§ **Your instructions**
Print each record below word for word.

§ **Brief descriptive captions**
== Segment start ==

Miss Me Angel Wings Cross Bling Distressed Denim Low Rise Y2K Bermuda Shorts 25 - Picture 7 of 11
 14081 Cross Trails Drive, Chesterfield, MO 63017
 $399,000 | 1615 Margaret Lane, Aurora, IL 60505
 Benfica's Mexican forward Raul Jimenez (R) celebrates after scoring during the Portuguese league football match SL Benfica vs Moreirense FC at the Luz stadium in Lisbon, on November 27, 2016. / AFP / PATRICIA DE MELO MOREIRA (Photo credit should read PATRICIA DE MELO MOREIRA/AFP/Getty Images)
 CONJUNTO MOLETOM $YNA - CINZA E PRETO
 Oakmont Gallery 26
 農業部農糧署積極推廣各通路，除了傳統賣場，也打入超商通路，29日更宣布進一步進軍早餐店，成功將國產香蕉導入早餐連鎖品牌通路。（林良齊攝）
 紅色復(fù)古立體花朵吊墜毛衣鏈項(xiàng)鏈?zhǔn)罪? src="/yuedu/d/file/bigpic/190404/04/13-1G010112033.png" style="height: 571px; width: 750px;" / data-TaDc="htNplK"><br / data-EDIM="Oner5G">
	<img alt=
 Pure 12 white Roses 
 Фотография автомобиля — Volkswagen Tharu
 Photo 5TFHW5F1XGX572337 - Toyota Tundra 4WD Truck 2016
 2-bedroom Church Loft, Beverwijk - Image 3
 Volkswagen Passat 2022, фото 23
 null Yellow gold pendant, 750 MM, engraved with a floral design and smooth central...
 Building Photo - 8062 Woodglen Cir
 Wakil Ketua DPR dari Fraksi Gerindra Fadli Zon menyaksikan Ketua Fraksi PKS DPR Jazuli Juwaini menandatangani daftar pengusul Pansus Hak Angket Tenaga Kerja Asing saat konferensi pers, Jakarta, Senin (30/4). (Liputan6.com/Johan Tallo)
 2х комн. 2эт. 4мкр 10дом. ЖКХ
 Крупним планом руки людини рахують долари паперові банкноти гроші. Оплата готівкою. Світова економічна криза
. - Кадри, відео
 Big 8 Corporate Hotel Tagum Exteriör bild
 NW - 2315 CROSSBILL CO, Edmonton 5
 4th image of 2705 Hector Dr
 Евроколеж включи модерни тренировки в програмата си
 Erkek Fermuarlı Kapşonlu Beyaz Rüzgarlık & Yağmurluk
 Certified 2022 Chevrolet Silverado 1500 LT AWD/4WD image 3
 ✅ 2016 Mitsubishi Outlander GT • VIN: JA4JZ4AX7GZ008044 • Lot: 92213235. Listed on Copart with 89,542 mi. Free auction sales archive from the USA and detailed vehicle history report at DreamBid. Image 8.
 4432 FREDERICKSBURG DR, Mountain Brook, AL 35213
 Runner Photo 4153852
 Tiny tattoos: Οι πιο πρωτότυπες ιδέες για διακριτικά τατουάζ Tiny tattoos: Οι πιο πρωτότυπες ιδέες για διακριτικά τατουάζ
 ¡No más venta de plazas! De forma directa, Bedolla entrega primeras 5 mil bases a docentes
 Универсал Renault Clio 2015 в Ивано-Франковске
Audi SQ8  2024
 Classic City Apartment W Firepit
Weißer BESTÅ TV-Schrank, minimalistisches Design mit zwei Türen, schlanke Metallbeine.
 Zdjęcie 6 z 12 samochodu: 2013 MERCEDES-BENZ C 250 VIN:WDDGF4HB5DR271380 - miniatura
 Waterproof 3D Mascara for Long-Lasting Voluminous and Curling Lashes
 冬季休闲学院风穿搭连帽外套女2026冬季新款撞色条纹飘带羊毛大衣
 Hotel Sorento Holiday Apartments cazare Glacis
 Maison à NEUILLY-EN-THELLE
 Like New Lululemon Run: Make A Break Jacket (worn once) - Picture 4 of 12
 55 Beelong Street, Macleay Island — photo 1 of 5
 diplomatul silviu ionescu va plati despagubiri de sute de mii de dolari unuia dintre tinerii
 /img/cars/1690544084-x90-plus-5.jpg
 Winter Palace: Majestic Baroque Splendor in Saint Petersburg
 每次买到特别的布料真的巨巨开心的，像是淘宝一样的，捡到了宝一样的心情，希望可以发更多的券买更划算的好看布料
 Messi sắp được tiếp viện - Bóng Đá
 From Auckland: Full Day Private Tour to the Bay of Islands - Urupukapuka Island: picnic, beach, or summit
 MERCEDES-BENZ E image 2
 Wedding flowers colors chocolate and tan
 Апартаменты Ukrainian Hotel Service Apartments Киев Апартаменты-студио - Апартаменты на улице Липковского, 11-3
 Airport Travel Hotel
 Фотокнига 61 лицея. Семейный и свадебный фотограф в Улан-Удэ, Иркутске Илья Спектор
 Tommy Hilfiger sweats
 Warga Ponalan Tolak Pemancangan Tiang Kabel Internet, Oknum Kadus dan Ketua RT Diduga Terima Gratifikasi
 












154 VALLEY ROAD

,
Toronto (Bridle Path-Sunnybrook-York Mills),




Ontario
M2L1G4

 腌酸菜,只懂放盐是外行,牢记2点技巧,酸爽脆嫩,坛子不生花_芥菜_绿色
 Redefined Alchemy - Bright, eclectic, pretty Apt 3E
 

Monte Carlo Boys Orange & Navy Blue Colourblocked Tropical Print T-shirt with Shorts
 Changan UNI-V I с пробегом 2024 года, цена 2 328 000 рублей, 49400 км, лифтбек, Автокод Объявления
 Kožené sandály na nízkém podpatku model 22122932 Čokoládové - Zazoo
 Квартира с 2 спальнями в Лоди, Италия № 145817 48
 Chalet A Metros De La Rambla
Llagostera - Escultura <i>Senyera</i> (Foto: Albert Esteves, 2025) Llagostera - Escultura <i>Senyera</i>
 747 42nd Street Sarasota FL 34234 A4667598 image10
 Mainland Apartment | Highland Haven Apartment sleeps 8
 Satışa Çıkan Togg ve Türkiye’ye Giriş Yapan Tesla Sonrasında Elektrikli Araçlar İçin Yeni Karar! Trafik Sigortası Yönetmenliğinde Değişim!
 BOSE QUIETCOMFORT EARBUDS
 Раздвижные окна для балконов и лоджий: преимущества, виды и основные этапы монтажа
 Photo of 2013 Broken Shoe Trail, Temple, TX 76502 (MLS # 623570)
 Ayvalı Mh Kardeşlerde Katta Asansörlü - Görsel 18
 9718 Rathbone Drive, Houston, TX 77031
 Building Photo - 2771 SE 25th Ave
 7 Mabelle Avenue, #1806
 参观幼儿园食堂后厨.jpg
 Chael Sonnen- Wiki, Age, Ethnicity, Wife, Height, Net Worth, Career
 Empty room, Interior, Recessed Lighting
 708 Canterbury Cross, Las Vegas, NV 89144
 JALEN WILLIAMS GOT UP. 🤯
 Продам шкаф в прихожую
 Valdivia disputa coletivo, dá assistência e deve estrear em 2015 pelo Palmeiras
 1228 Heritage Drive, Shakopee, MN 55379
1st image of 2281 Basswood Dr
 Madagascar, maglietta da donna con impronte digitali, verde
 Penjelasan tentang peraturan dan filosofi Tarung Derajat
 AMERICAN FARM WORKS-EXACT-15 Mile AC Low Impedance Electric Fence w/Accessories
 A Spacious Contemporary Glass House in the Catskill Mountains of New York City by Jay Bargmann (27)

== Segment end ==

§ **Task response**
Miss Me Angel Wings Cross Bling Distressed Denim Low Rise Y2K Bermuda Shorts 25 - Picture 7 of 11
 14081 Cross Trails Drive, Chesterfield, MO 63017
 $399,000 | 1615 Margaret Lane, Aurora, IL 60505
 Benfica's Mexican forward Raul Jimenez (R) celebrates after scoring during the Portuguese league football match SL Benfica vs Moreirense FC at the Luz stadium in Lisbon, on November 27, 2016. / AFP / PATRICIA DE MELO MOREIRA (Photo credit should read PATRICIA DE MELO MOREIRA/AFP/Getty Images)
 CONJUNTO MOLETOM $YNA - CINZA E PRETO
 Oakmont Gallery 26
 農業部農糧署積極推廣各通路，除了傳統賣場，也打入超商通路，29日更宣布進一步進軍早餐店，成功將國產香蕉導入早餐連鎖品牌通路。（林良齊攝）
 紅色復(fù)古立體花朵吊墜毛衣鏈項(xiàng)鏈?zhǔn)罪? src="/yuedu/d/file/bigpic/190404/04/13-1G010112033.png" style="height: 571px; width: 750px;" / data-TaDc="htNplK"><br / data-EDIM="Oner5G">
	<img alt=
 Pure 12 white Roses 
 Фотография автомобиля — Volkswagen Tharu
 Photo 5TFHW5F1XGX572337 - Toyota Tundra 4WD Truck 2016
 2-bedroom Church Loft, Beverwijk - Image 3
 Volkswagen Passat 2022, фото 23
 null Yellow gold pendant, 750 MM, engraved with a floral design and smooth central...
 Building Photo - 8062 Woodglen Cir
 Wakil Ketua DPR dari Fraksi Gerindra Fadli Zon menyaksikan Ketua Fraksi PKS DPR Jazuli Juwaini menandatangani daftar pengusul Pansus Hak Angket Tenaga Kerja Asing saat konferensi pers, Jakarta, Senin (30/4). (Liputan6.com/Johan Tallo)
 2х комн. 2эт. 4мкр 10дом. ЖКХ
 Крупним планом руки людини рахують долари паперові банкноти гроші. Оплата готівкою. Світова економічна криза
. - Кадри, відео
 Big 8 Corporate Hotel Tagum Exteriör bild
 NW - 2315 CROSSBILL CO, Edmonton 5
 4th image of 2705 Hector Dr
 Евроколеж включи модерни тренировки в програмата си
 Erkek Fermuarlı Kapşonlu Beyaz Rüzgarlık & Yağmurluk
 Certified 2022 Chevrolet Silverado 1500 LT AWD/4WD image 3
 ✅ 2016 Mitsubishi Outlander GT • VIN: JA4JZ4AX7GZ008044 • Lot: 92213235. Listed on Copart with 89,542 mi. Free auction sales archive from the USA and detailed vehicle history report at DreamBid. Image 8.
 4432 FREDERICKSBURG DR, Mountain Brook, AL 35213
 Runner Photo 4153852
 Tiny tattoos: Οι πιο πρωτότυπες ιδέες για διακριτικά τατουάζ Tiny tattoos: Οι πιο πρωτότυπες ιδέες για διακριτικά τατουάζ
 ¡No más venta de plazas! De forma directa, Bedolla entrega primeras 5 mil bases a docentes
 Универсал Renault Clio 2015 в Ивано-Франковске
Audi SQ8  2024
 Classic City Apartment W Firepit
Weißer BESTÅ TV-Schrank, minimalistisches Design mit zwei Türen, schlanke Metallbeine.
 Zdjęcie 6 z 12 samochodu: 2013 MERCEDES-BENZ C 250 VIN:WDDGF4HB5DR271380 - miniatura
 Waterproof 3D Mascara for Long-Lasting Voluminous and Curling Lashes
 冬季休闲学院风穿搭连帽外套女2026冬季新款撞色条纹飘带羊毛大衣
 Hotel Sorento Holiday Apartments cazare Glacis
 Maison à NEUILLY-EN-THELLE
 Like New Lululemon Run: Make A Break Jacket (worn once) - Picture 4 of 12
 55 Beelong Street, Macleay Island — photo 1 of 5
 diplomatul silviu ionescu va plati despagubiri de sute de mii de dolari unuia dintre tinerii
 /img/cars/1690544084-x90-plus-5.jpg
 Winter Palace: Majestic Baroque Splendor in Saint Petersburg
 每次买到特别的布料真的巨巨开心的，像是淘宝一样的，捡到了宝一样的心情，希望可以发更多的券买更划算的好看布料
 Messi sắp được tiếp viện - Bóng Đá
 From Auckland: Full Day Private Tour to the Bay of Islands - Urupukapuka Island: picnic, beach, or summit
 MERCEDES-BENZ E image 2
 Wedding flowers colors chocolate and tan
 Апартаменты Ukrainian Hotel Service Apartments Киев Апартаменты-студио - Апартаменты на улице Липковского, 11-3
 Airport Travel Hotel
 Фотокнига 61 лицея. Семейный и свадебный фотограф в Улан-Удэ, Иркутске Илья Спектор
 Tommy Hilfiger sweats
 Warga Ponalan Tolak Pemancangan Tiang Kabel Internet, Oknum Kadus dan Ketua RT Diduga Terima Gratifikasi
 












154 VALLEY ROAD

,
Toronto (Bridle Path-Sunnybrook-York Mills),




Ontario
M2L1G4

 腌酸菜,只懂放盐是外行,牢记2点技巧,酸爽脆嫩,坛子不生花_芥菜_绿色
 Redefined Alchemy - Bright, eclectic, pretty Apt 3E
 

Monte Carlo Boys Orange & Navy Blue Colourblocked Tropical Print T-shirt with Shorts
 Changan UNI-V I с пробегом 2024 года, цена 2 328 000 рублей, 49400 км, лифтбек, Автокод Объявления
 Kožené sandály na nízkém podpatku model 22122932 Čokoládové - Zazoo
 Квартира с 2 спальнями в Лоди, Италия № 145817 48
 Chalet A Metros De La Rambla
Llagostera - Escultura <i>Senyera</i> (Foto: Albert Esteves, 2025) Llagostera - Escultura <i>Senyera</i>
 747 42nd Street Sarasota FL 34234 A4667598 image10
 Mainland Apartment | Highland Haven Apartment sleeps 8
 Satışa Çıkan Togg ve Türkiye’ye Giriş Yapan Tesla Sonrasında Elektrikli Araçlar İçin Yeni Karar! Trafik Sigortası Yönetmenliğinde Değişim!
 BOSE QUIETCOMFORT EARBUDS
 Раздвижные окна для балконов и лоджий: преимущества, виды и основные этапы монтажа
 Photo of 2013 Broken Shoe Trail, Temple, TX 76502 (MLS # 623570)
 Ayvalı Mh Kardeşlerde Katta Asansörlü - Görsel 18
 9718 Rathbone Drive, Houston, TX 77031
 Building Photo - 2771 SE 25th Ave
 7 Mabelle Avenue, #1806
 参观幼儿园食堂后厨.jpg
 Chael Sonnen- Wiki, Age, Ethnicity, Wife, Height, Net Worth, Career
 Empty room, Interior, Recessed Lighting
 708 Canterbury Cross, Las Vegas, NV 89144
 JALEN WILLIAMS GOT UP. 🤯
 Продам шкаф в прихожую
 Valdivia disputa coletivo, dá assistência e deve estrear em 2015 pelo Palmeiras
 1228 Heritage Drive, Shakopee, MN 55379
1st image of 2281 Basswood Dr
 Madagascar, maglietta da donna con impronte digitali, verde
 Penjelasan tentang peraturan dan filosofi Tarung Derajat
 AMERICAN FARM WORKS-EXACT-15 Mile AC Low Impedance Electric Fence w/Accessories
 A Spacious Contemporary Glass House in the Catskill Mountains of New York City by Jay Bargmann (27)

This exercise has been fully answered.